Exercise: So that the copy stays text only, transcribe the data below exactly and exclude the images.

Saved data entries:
____
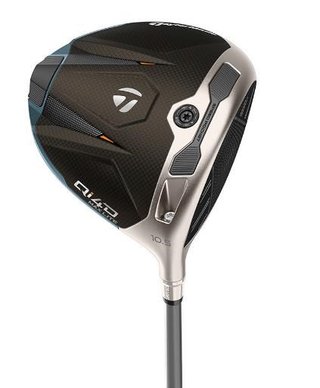 TaylorMade Qi4D Max Lite pánský driver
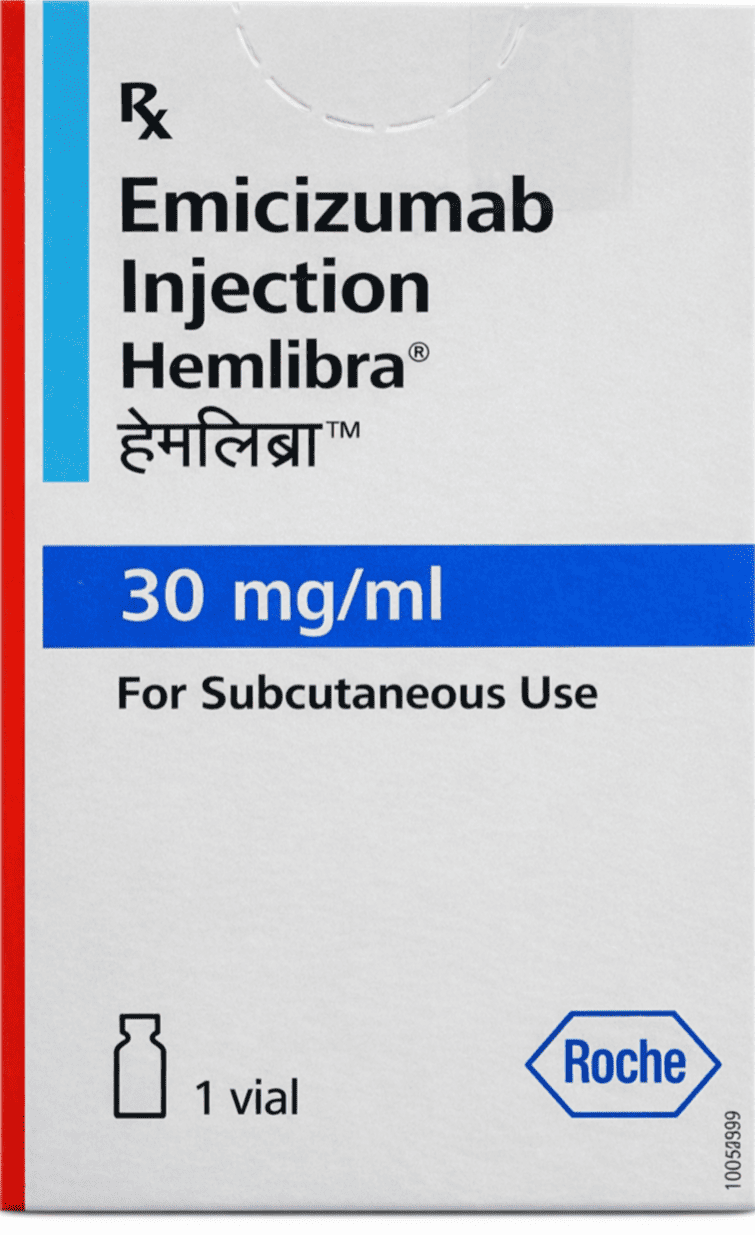 Hemlibra 30mg Injection - Alternative Medicine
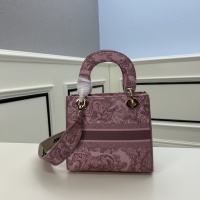 $92.00 USD Christian Dior AAA Quality Handbags For Women #1133516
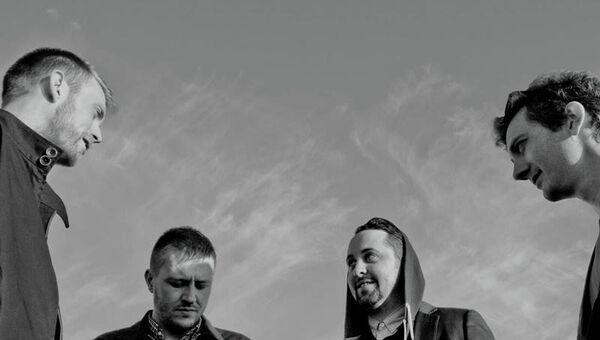 Группа 65daysofstatic Группа 65daysofstatic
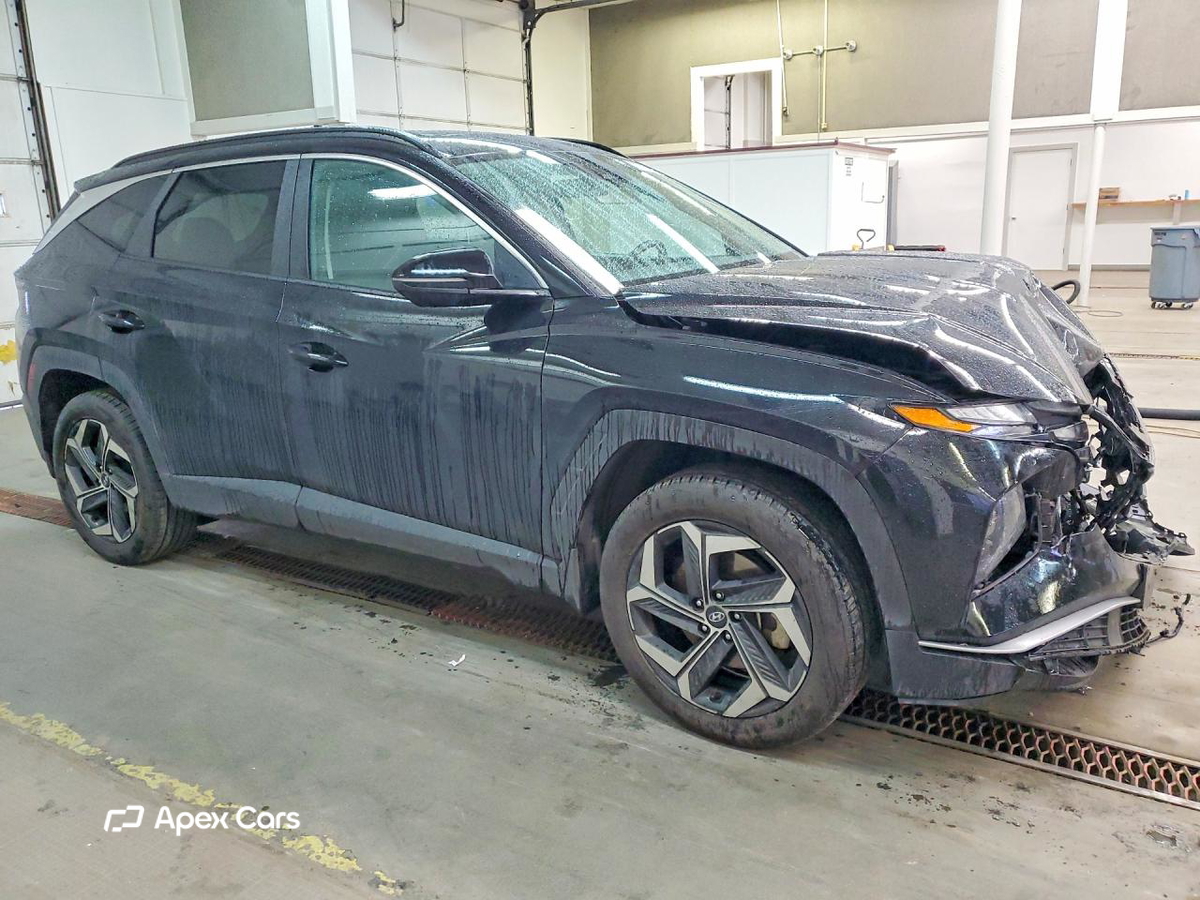 Hyundai Tucson 2023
____
Reply:
 TaylorMade Qi4D Max Lite pánský driver
 Hemlibra 30mg Injection - Alternative Medicine
 $92.00 USD Christian Dior AAA Quality Handbags For Women #1133516
 Группа 65daysofstatic Группа 65daysofstatic
 Hyundai Tucson 2023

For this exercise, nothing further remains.